Trauermarsch Beisetzung von Schiitenführer el Hakim


Der irakische Schiitenführer Mohammed Bakr el Hakim wird heute in der heiligen Stadt Nadschaf beigesetzt.

Der irakische Schiitenführer Mohammed Bakr el Hakim wird heute in der heiligen Stadt Nadschaf beigesetzt. Bakr el Hakim war unter den Opfern des verheerenden Bombenanschlags auf eine Moschee von Nadschaf. Der Anschlag hatte am Freitag mehr als 80 Menschen das Leben gekostet.

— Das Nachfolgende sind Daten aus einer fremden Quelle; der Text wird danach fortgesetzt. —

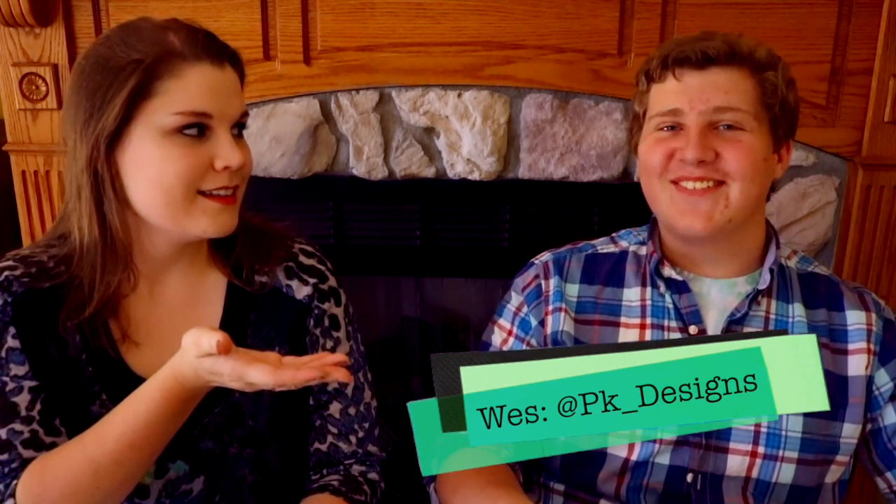Hey guys, what's up? It's me, Priscilla, and today I have... Wes.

Zur Beisetzung des Schiitenführers werden Hunderttausende von Trauernden aus dem ganzen Land erwartet.

Trauer-Prozession

Bereits am Sonntag hatten Tausende Schiiten an Trauermärschen für Bakr el Hakim teilgenommen. An einer Moschee in Bagdad begann eine Prozession, die sich über die ebenfalls heilige Stadt Kerbela in das rund 150 Kilometer entfernte Nadschaf bewegte.

Hintergründe weiter unklar

Bakr el Hakim (64) war erst im Mai nach 23 Jahren aus dem iranischen Exil zurückgekehrt. Der Schiitenführer leitete den Obersten Rat für die Islamische Revolution im Irak (SCIRI), der mit der US-Zivilverwaltung in Bagdad zusammenarbeitet und im Provisorischen Regierungsrat vertreten ist. Die Hintergründe des Anschlags sind noch unklar.

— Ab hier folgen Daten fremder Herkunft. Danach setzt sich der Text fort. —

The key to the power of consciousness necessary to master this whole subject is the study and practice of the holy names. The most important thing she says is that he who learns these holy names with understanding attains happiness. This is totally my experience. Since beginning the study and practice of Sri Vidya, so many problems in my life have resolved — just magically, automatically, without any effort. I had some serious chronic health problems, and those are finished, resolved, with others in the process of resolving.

Angebliches Hussein-Tonband

Drei Tage nach dem verheerenden Anschlag meldete sich der gestürzte irakische Machthaber Saddam Hussein angeblich wieder zu Wort und bestritt jede Verstrickung in das Attentat. Auf dem Tonband, das der arabische Fernsehsender El Dschasira am Montag in Auszügen ausstrahlte, wirft die Saddam zugeschriebene Stimme "Erfüllungsgehilfen" der amerikanischen Besatzungsmacht vor, Anschuldigungen "ohne jeglichen Beweis" in die Welt zu setzen.

19 Verdächtige

Mehrere Vertreter des Obersten Rates für die Islamische Revolution im Irak (SCIRI), der Organisation, die Bakr el Hakim geführt hatte, sowie viele Iraker hatten Saddam und seine Anhänger für den Anschlag in der den Schiiten heiligen Stadt verantwortlich gemacht. Seit Freitag wurden bis zu 19 Verdächtige festgenommen. Die Opferzahlen gingen noch am Montag weit auseinander: Während der Gouverneur von Nadschaf von mehr als 80 Toten sprach, ging der SCIRI von 126 Toten aus.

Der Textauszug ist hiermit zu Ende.